I sat on my pack beneath the fluorescent lights and opened cardboard boxes of rifle ammunition. Live rounds. My hands were shaking as I loaded the magazines. Each bullet weighed about an ounce, a wide brass casing tapering to a lethal, copper-jacketed point. I had loaded thousands of live rounds in training but had never really examined them. They looked dangerous. I wondered whether any of mine would end up inside another human being before the night was over.
We filed past the open elevator shaft to test fire our weapons out over the dark ocean. My rifle cracked and jumped in my hands. The purpose of a test fire isn’t to make sure the gun fires that first time, but to ensure that the next bullet is seated in the chamber, ready to go. The sound of shots reverberated off the metal walls, and acrid cordite hung in the air.
The platoon lined up on the nonskid floor of the ramp leading to the flight deck. Each Marine sat in the order in which he would board the helicopter. That order, when reversed, was how we would hit the ground at Panjgur. Fire teams and machine gun squads sat together. I sat alone at the back, first man off the bird.
Captain Whitmer, bulky in his body armor, called the lieutenants and sergeants over to where he stood in a corner. I expected a last-minute change to the plan or maybe a final reminder of our rules of engagement.
“If any of you screw up and get a Marine killed tonight,” he said without preamble, “I will personally put a bullet in your head.”
I caught Patrick’s eye and we mustered a quiet “Aye-aye, sir.” Captain Whitmer walked off. The hangar bay was too crowded to talk privately with Patrick, so I returned to my place in the line of Marines waiting on the ramp. Whitmer’s comment gnawed at me. Did he not trust us? Did he think we weren’t taking the mission seriously? If it had been an attempt to motivate us, it failed. I tried to put it out of my mind and focus on getting ready to go.
I fitted a rubber life preserver around my neck and pulled on a pair of green Nomex shooting gloves. The life preserver had a carbon dioxide cartridge and a strobe light that would activate upon hitting the water. The gloves would keep my hands from being burned in a fire and allow me to grab weapons hot from shooting.

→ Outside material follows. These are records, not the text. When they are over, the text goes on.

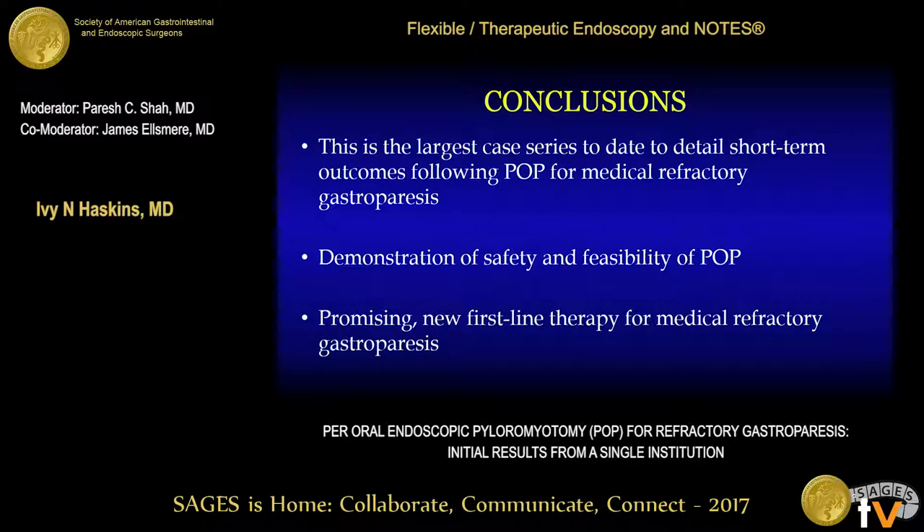That's why we prefer the lesser curve approach. Most of the series out there have described the greater curvature approach, and for that type of endoscopic precision it's a little bit more challenging. Over the years we've seen different modalities proposed surgically to address gastroparesis, and intermediate long-term outcomes aren't always the most satisfactory.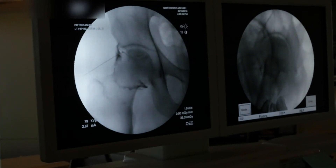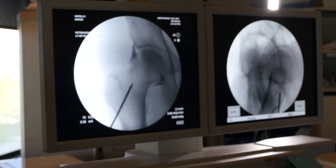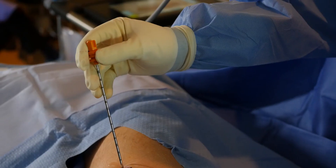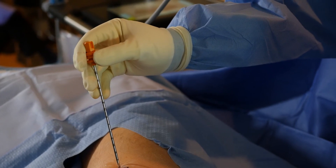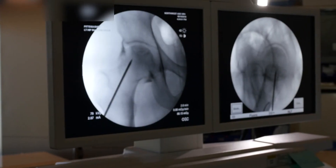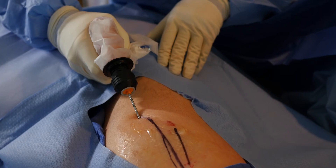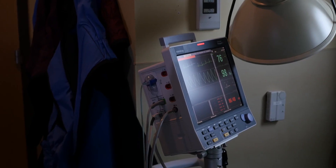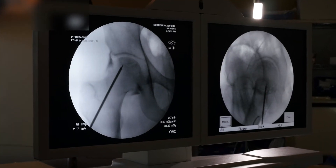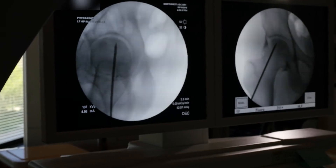So now what I'm doing is I have my anterior-posterior dimension. If you look at the screen we've got the placement of where we're going to put our trocar through the femoral neck. About to crack through that — it's right in there. Now we're going to put some contrast into the lesion.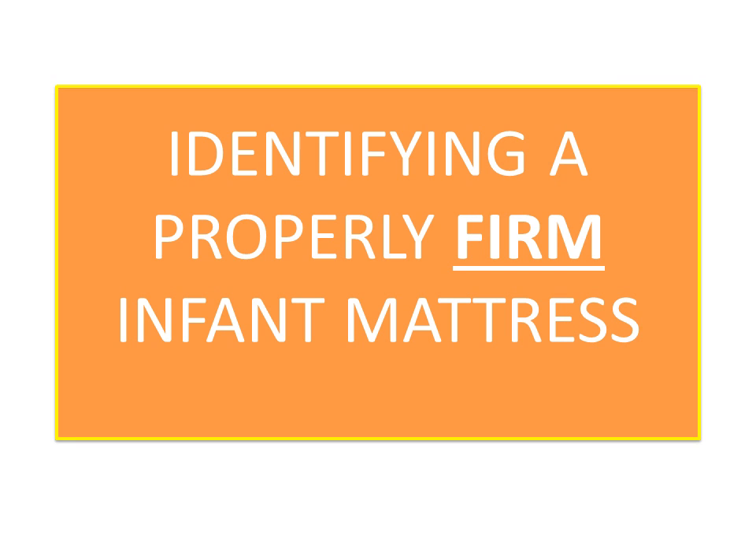Welcome to this presentation on preventing infant suffocation due to mattresses that are too soft. This video will cover how to identify a properly firm infant mattress.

After all the training, all the classes at Quantico and patrols at Camp Pendleton, I had a picture in my mind of how it would be. Momentous, significant, high drama. But grandiose phrases such as “in harm’s way” and “Godspeed” just didn’t fit. Around me sat a few dozen Marines waiting to launch. I saw ordinary guys doing a job. I didn’t think about the sweep of history, about the Afghan people or protecting America. My mind was on call signs and radio frequencies and the satellite pictures of the Black Hawk. Any fear or reservation disappeared in the task at hand. Sitting there in the dark with my rifle suddenly seemed to be the most natural thing in the world.
Staff Sergeant Marine snapped me back to the hangar bay. “You’ll regret not bringing the mortars, sir, about the time the hajis are overrunning your perimeter.” He was walking along the line of troops, talking to the Marines waiting to leave.
His tone was joking, but I knew he wished he was joining us. I did, too. Before I could answer, the intercom announced, “Call away, call away!” — our signal to board the helos.
Marine clapped my shoulder. “Stay safe tonight.”